Philipp Fussenegger and Dino Osmanoviç’s documentary offers insight into a world foreign to most of us. Straight from the off, we are introduced to the woman in question, as she enters our lives (and the film) with a little dance and an empowering speech about body image – she herself obviously being very content with her muscular shape. It’s quite the sight to behold watching this woman being dipped head to toe in bronzer, while also seeing the effects that her training and the copious amounts of steroids and hormones have done to her body – a drastic change has occurred with Tischa, but if she’s happy, that’s all that matters, right?
This fly-on-the-wall type of documentary follows Tischa in not only her bodybuilding but also in her other job. She dips her toe (pun intended) into dominatrix work; she does photo shoots that get sold to her adoring fans, and even a little bit of webcam for people around the world – there is a fetish for this type of woman, and fair play to her for taking full advantage of it and using it for financial gain because, a 48-year-old woman can’t be making much money from competitions, something she alludes to in the film.
There’s an issue though, and it’s a big one: there’s something seriously off with this documentary. The way it is filmed, the content, the people in it – it does not feel entirely genuine, like perhaps some of the scenes or moments were staged, with Tischa playing up to the camera and exaggerating her emotions slightly. In one or two scenes in particular – where the camera closes in on Tischa – she appears to be acting, or at least it looks that way.
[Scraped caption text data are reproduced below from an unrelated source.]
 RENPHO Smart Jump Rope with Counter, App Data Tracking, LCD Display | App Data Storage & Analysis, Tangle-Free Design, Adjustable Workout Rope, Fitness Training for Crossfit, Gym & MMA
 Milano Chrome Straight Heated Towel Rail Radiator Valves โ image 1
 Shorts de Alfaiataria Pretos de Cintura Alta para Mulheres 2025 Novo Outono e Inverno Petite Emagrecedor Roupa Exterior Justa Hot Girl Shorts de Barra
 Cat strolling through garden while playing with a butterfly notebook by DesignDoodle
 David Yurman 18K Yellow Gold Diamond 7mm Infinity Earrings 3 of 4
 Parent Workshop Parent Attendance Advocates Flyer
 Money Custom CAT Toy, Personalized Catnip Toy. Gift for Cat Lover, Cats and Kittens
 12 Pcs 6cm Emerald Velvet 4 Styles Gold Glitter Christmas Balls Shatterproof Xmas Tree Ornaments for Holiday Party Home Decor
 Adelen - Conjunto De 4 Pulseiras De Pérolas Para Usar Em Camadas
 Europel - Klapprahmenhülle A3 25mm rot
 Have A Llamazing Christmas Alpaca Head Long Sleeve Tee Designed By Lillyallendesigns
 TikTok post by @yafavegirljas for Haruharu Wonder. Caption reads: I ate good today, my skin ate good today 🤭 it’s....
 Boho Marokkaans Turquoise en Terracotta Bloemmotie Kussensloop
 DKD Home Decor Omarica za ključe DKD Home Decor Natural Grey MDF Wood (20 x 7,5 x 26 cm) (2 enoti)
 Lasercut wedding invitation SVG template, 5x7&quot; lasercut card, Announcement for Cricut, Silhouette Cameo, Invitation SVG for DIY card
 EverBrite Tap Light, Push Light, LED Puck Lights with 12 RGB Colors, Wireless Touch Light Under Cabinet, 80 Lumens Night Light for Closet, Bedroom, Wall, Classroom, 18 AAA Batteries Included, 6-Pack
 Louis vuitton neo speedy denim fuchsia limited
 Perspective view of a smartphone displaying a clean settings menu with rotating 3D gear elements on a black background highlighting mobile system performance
Ultimately what we see is the persona that she’s needed to put on to hide all that pain that’s clearly bottled up. This is a woman with some clear issues, and yet, she becomes an object for us to gaze at instead. The real issues are in hiding, behind some clever camera tricks and fancy lighting.The music attempts to convey a strange sense of dramatism, sometimes lapsing into melodrama territory.
This interesting story lacks some contextualisation. There is hardly any character background or an idea towards motivation, except for a few fragments of Tischa’s life: such as the fact that she’s a mother and a grandmother, and how she used to get bullied for being overweight. And then there’s her partner in crime, the random old man seen following her around (which is an extremely odd dynamic by the way). Is he the manager? Lover? What about her coach? It’s never actually confirmed – but if you were wondering. We finally find out his name in the film’s dying moments…
In a nutshell: this is a documentary with a fascinating central character and many missed opportunities.